What the task asks: In the data below, set down exactly the lines from the one containing "ONS -ONCC CHEMOTHERAPY" up to and including the one containing "Contemporary Metal Circle". Leave the pictures out.

Material shown:
::::
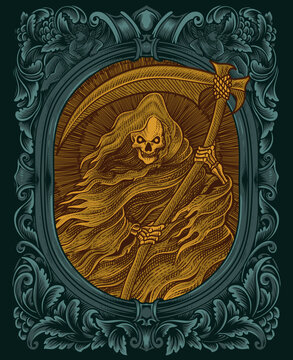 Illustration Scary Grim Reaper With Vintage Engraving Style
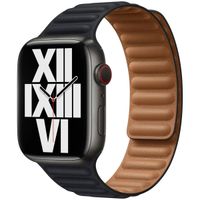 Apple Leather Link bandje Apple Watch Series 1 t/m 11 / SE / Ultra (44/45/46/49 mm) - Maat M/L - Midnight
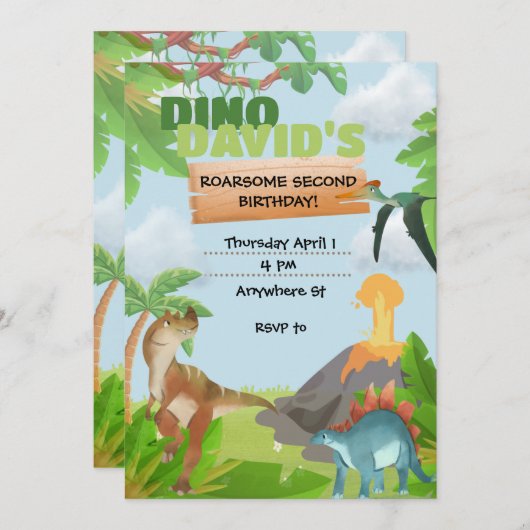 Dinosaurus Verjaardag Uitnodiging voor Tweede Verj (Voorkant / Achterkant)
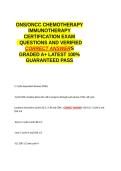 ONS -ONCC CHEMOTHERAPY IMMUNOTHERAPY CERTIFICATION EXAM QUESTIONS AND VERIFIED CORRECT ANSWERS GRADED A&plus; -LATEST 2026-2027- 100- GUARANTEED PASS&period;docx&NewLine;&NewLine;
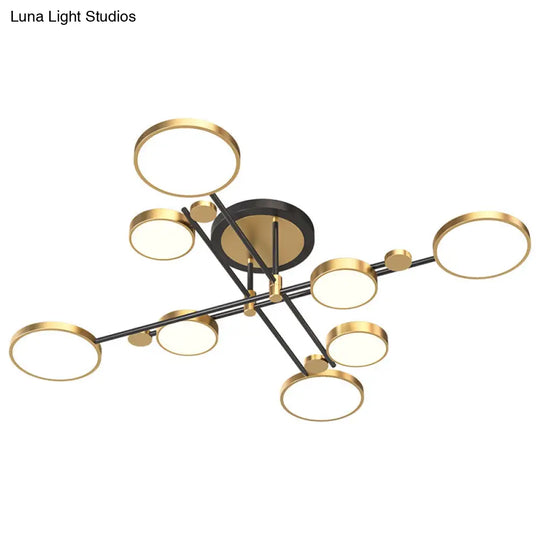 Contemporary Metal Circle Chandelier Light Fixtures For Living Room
::::
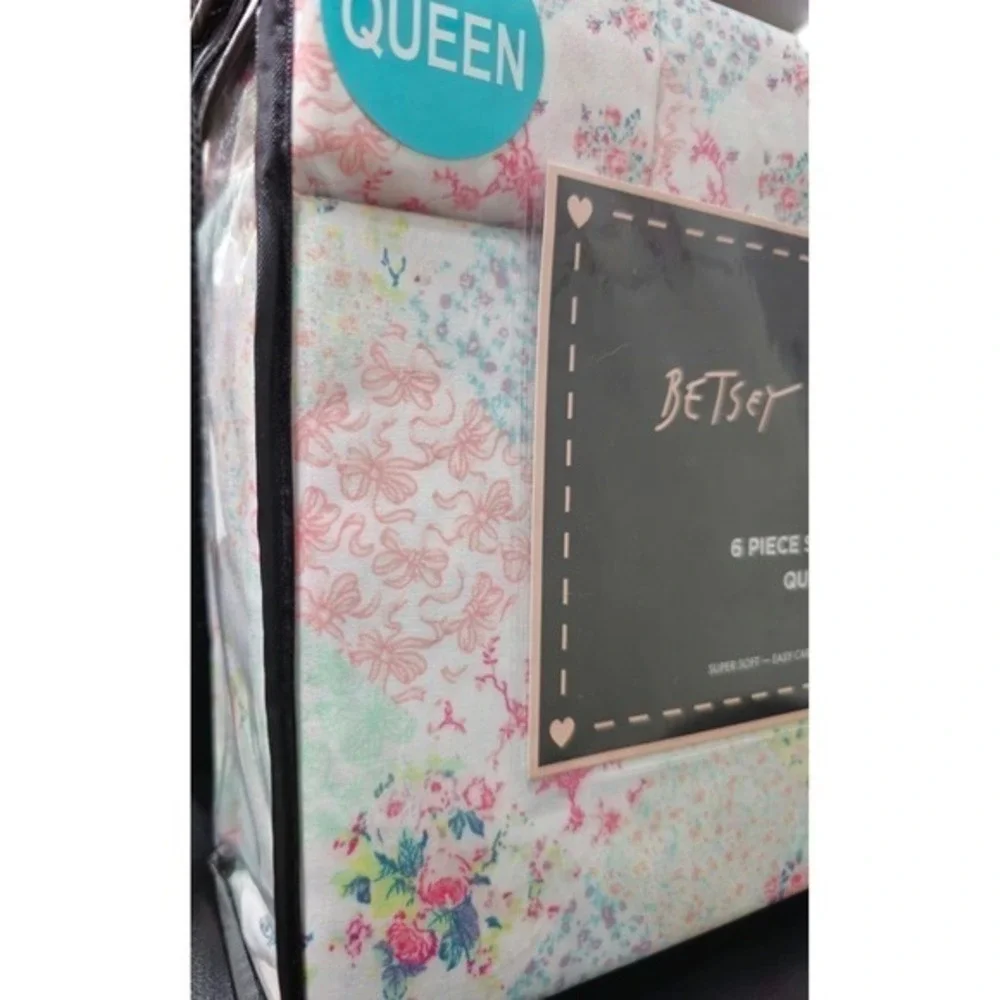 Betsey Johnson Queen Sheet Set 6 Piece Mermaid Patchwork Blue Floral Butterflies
::::
Response area:
 ONS -ONCC CHEMOTHERAPY IMMUNOTHERAPY CERTIFICATION EXAM QUESTIONS AND VERIFIED CORRECT ANSWERS GRADED A&plus; -LATEST 2026-2027- 100- GUARANTEED PASS&period;docx&NewLine;&NewLine;
 Contemporary Metal Circle Chandelier Light Fixtures For Living Room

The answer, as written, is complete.